The thirteenth step: laying the electric heating blanket 12 . When the reading of the vacuum pressure gauge is close to 0, a layer of electric heating blanket 12 is laid on the surface of the vacuum membrane 11, and the upper limit of the heating temperature is set. Vacuum while heating until the resin is completely cured, stop vacuuming, and the grid is completed. The completed smart grid is shown in Figure 8.

The embodiments of the present invention have been described in detail above in conjunction with the accompanying drawings, but the present invention is not limited to the described embodiments.
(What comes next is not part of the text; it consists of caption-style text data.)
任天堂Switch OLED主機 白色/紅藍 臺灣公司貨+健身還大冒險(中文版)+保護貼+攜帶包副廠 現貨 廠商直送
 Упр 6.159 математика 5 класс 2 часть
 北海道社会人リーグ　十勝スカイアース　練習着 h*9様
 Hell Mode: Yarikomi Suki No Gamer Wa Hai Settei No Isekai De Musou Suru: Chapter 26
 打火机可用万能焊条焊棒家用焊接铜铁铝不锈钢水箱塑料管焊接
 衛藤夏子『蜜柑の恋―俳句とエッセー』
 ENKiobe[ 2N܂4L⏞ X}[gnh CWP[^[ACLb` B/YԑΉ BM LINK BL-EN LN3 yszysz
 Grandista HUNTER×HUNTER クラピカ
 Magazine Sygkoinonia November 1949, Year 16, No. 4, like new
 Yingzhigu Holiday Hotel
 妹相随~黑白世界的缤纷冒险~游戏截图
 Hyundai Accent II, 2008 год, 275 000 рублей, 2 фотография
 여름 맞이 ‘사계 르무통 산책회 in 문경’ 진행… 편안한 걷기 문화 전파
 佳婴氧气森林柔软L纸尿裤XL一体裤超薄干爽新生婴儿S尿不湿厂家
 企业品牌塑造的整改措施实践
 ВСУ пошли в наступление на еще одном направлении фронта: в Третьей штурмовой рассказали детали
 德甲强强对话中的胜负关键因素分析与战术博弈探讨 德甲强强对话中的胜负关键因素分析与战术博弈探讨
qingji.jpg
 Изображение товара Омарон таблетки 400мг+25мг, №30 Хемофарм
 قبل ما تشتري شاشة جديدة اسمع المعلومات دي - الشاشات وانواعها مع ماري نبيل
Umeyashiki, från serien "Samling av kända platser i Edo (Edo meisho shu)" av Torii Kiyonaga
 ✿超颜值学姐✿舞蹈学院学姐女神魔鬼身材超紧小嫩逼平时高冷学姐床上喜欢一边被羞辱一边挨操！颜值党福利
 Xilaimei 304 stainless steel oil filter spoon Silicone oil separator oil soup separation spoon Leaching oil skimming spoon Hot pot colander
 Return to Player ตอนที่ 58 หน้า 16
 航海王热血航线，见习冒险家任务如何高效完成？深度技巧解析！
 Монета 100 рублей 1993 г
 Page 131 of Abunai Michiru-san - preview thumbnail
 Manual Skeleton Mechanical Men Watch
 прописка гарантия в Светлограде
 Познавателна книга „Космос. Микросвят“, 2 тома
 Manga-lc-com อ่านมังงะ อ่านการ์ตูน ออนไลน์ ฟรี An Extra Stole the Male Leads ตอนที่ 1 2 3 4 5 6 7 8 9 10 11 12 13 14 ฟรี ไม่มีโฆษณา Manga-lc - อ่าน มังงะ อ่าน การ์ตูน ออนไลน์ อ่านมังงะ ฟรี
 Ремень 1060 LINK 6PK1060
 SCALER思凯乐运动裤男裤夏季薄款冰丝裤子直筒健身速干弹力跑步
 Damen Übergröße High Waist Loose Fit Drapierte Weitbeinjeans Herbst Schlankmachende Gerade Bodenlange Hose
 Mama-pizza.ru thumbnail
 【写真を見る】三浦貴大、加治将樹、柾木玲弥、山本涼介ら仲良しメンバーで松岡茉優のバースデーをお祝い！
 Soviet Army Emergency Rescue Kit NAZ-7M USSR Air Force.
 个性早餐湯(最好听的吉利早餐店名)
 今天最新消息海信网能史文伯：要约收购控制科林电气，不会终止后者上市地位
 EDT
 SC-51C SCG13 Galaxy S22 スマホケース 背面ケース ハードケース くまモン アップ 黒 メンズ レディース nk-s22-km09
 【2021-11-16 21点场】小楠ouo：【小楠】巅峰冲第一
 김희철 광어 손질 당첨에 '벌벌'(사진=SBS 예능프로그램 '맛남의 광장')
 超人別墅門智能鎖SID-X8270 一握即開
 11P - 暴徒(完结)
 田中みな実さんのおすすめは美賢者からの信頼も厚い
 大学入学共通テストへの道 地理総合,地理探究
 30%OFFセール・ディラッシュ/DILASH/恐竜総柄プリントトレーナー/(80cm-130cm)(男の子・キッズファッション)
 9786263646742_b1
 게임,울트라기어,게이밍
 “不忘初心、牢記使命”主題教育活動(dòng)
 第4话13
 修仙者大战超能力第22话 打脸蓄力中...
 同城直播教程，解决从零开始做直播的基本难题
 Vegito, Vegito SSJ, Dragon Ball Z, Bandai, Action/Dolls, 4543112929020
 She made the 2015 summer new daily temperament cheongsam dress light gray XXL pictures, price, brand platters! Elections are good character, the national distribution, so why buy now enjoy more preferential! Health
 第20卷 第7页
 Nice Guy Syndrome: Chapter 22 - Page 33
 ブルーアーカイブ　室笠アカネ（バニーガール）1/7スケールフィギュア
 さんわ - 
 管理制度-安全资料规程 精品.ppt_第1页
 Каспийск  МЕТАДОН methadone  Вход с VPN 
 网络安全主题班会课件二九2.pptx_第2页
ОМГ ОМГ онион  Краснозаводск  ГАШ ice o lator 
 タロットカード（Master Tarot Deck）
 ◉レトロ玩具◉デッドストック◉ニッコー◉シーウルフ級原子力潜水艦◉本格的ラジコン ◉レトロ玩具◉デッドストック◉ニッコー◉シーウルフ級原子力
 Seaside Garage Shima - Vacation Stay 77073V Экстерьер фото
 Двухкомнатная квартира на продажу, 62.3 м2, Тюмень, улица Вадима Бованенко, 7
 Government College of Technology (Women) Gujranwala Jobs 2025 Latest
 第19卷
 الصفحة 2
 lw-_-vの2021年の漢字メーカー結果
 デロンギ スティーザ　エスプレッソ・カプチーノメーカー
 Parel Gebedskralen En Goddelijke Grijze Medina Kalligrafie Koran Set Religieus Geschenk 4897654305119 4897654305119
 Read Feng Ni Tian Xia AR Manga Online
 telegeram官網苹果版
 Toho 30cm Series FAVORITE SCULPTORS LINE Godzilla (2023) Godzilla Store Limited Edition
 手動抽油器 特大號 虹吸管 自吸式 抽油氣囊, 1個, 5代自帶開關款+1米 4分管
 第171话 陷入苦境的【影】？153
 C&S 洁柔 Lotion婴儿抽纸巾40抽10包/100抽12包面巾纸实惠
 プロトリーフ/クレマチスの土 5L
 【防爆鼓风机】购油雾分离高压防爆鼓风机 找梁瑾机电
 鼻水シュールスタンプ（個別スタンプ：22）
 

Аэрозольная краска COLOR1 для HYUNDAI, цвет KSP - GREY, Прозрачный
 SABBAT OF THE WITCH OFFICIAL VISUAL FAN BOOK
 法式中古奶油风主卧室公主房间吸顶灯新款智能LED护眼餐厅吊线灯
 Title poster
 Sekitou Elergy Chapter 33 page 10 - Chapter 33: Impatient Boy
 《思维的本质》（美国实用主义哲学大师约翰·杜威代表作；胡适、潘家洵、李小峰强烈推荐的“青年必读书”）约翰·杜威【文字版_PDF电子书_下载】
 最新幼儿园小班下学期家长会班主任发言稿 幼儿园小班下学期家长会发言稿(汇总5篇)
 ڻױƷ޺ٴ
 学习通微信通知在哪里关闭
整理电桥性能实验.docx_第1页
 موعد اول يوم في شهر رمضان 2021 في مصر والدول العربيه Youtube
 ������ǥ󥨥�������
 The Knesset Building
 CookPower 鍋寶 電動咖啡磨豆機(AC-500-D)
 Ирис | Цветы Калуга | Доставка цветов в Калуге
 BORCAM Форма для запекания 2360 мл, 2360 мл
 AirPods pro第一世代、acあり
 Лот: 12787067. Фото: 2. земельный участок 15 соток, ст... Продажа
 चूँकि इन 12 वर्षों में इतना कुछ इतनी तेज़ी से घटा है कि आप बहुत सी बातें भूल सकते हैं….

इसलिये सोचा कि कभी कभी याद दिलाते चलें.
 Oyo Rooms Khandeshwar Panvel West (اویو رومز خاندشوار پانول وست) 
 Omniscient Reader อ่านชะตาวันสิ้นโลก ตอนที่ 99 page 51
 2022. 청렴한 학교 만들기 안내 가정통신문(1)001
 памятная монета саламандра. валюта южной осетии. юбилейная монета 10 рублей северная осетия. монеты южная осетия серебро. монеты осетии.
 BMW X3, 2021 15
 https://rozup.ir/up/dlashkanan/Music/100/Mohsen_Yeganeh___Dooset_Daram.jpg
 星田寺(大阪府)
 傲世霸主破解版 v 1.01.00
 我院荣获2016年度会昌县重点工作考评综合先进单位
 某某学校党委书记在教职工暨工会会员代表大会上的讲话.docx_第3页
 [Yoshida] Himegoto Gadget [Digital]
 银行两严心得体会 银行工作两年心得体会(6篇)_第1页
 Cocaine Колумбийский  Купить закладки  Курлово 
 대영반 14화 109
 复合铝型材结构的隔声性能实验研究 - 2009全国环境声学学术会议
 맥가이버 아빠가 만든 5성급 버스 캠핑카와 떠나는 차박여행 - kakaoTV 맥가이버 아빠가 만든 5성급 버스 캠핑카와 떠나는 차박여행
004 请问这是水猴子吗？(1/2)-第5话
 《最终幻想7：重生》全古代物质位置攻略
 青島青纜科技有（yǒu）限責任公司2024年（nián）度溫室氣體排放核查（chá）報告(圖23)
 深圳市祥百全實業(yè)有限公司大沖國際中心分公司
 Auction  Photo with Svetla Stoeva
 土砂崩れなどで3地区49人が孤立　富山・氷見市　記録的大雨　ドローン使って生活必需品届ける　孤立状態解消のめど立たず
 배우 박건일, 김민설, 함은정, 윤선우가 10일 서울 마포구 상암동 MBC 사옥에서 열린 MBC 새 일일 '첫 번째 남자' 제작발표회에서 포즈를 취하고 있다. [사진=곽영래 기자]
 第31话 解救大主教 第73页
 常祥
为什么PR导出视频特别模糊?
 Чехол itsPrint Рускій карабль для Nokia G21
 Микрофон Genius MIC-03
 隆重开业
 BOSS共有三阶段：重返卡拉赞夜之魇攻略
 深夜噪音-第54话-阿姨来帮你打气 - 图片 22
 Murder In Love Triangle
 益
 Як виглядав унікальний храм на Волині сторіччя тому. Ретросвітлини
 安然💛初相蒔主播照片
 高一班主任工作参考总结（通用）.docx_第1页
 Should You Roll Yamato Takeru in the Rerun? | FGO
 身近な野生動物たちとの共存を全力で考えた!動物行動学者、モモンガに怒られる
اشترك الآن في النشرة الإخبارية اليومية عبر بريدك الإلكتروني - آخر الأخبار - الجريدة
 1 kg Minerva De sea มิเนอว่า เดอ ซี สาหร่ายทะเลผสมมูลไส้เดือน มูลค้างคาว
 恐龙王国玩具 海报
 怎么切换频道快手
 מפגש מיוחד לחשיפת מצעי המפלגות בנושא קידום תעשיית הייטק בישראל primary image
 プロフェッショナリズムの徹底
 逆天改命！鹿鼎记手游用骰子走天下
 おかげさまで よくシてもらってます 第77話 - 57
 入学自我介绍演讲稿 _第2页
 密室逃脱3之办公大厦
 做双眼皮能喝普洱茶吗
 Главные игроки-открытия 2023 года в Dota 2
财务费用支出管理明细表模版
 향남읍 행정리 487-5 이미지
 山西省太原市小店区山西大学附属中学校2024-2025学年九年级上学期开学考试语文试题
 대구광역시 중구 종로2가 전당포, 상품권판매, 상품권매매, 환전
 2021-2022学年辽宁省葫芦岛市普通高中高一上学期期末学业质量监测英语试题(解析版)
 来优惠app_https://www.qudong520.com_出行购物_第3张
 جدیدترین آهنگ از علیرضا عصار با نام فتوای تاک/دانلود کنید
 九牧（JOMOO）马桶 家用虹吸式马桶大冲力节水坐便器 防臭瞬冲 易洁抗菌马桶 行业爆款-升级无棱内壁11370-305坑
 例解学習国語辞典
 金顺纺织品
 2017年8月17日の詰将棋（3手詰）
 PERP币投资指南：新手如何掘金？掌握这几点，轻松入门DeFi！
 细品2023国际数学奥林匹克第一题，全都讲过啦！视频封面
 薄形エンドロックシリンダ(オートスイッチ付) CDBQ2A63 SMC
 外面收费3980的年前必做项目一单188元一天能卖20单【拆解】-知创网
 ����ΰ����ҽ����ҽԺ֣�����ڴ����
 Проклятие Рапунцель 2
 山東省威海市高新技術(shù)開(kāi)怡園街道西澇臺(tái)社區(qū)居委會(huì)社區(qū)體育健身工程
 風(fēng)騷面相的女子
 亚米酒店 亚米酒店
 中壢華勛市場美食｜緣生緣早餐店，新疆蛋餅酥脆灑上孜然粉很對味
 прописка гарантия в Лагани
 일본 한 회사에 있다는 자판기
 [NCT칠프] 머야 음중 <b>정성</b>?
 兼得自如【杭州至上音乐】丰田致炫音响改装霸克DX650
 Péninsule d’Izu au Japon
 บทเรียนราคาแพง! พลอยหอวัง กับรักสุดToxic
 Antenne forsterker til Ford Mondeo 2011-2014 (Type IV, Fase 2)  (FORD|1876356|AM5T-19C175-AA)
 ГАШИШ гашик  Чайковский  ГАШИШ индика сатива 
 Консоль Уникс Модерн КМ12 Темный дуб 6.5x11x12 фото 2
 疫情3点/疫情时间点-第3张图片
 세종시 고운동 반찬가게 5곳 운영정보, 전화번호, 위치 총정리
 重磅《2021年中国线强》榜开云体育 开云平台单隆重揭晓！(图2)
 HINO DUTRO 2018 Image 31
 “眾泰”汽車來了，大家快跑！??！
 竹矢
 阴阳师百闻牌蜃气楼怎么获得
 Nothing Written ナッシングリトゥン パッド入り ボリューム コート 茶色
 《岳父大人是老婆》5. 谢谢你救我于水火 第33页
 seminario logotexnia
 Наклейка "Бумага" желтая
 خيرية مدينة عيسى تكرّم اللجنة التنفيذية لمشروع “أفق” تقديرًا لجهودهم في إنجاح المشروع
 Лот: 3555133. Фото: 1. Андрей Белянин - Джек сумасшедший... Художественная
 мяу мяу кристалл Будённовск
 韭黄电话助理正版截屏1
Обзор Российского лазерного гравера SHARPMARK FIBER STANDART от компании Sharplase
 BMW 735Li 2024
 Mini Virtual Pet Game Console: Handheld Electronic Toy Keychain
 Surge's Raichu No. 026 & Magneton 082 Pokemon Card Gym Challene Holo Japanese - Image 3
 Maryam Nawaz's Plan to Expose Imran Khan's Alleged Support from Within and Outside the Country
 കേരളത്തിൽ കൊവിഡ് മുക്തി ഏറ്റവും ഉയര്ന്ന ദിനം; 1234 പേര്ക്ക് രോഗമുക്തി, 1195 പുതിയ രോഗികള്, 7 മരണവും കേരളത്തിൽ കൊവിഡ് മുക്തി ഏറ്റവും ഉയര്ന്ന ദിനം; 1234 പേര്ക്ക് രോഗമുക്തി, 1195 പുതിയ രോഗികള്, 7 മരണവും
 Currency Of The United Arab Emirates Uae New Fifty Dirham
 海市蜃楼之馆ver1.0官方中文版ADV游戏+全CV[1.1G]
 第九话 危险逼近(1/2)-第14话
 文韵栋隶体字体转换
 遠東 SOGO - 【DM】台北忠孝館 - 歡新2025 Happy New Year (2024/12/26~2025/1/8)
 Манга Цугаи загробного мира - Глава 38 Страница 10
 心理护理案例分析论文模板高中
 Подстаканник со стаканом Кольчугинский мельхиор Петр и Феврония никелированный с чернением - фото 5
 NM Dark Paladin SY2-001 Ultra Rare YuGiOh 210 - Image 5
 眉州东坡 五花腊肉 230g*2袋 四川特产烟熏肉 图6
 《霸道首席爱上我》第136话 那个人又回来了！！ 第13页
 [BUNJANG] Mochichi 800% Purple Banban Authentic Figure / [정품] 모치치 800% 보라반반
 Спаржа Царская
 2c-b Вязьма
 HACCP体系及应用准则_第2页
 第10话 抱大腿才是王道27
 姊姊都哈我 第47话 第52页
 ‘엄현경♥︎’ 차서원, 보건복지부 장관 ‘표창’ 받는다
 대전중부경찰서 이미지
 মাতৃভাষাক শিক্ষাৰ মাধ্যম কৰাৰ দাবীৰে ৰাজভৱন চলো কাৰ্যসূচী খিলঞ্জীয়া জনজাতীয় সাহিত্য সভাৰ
For those skilled in the art, within the scope of the principles and technical ideas of the present invention, various changes, modifications, substitutions and deformations to these embodiments still fall within the protection scope of the present invention.

Claims (7)

1. A fiber-reinforced composite rib smart grid, comprising fiber tows, resins and optical fiber sensors, the fiber tows form a criss-cross fiber grid, and the resin is coated on the fiber grid, characterized in that: The optical fiber sensor and the fiber sleeve wrapped outside it form a high-precision optical fiber sensor, and the end of the fiber sleeve has an anchoring section bonded to the optical fiber sensor. 2. The fiber-reinforced composite tendon smart grid according to claim 1, characterized in that: the contact part between the high-precision optical fiber sensor and the end of the fiber tow is covered with a metal hose. 3. The fiber-reinforced composite tendon smart grid according to claim 2, characterized in that: the length of the metal hose embedded in the fiber tow is not less than 2 cm, and the length of the exposed fiber tow is not less than 2 cm. 4. The fiber-reinforced composite bar smart grid according to claim 1, characterized in that: the high-precision optical fiber sensor is located at the center of the cross-section of the fiber grid. 5. The fiber-reinforced composite bar smart grid according to claim 1, characterized in that: the fiber sleeve on the surface of the high-precision optical fiber sensor is not impregnated with resin. 6. The fiber-reinforced composite bar smart grid according to claim 2, characterized in that: the high-precision optical fiber sensor is arranged in the fiber grid in an S-shape. 7. The fiber-reinforced composite tendon smart grid according to claim 1, wherein the optical fiber sensor is a non-slip optical fiber or a long gauge optical fiber.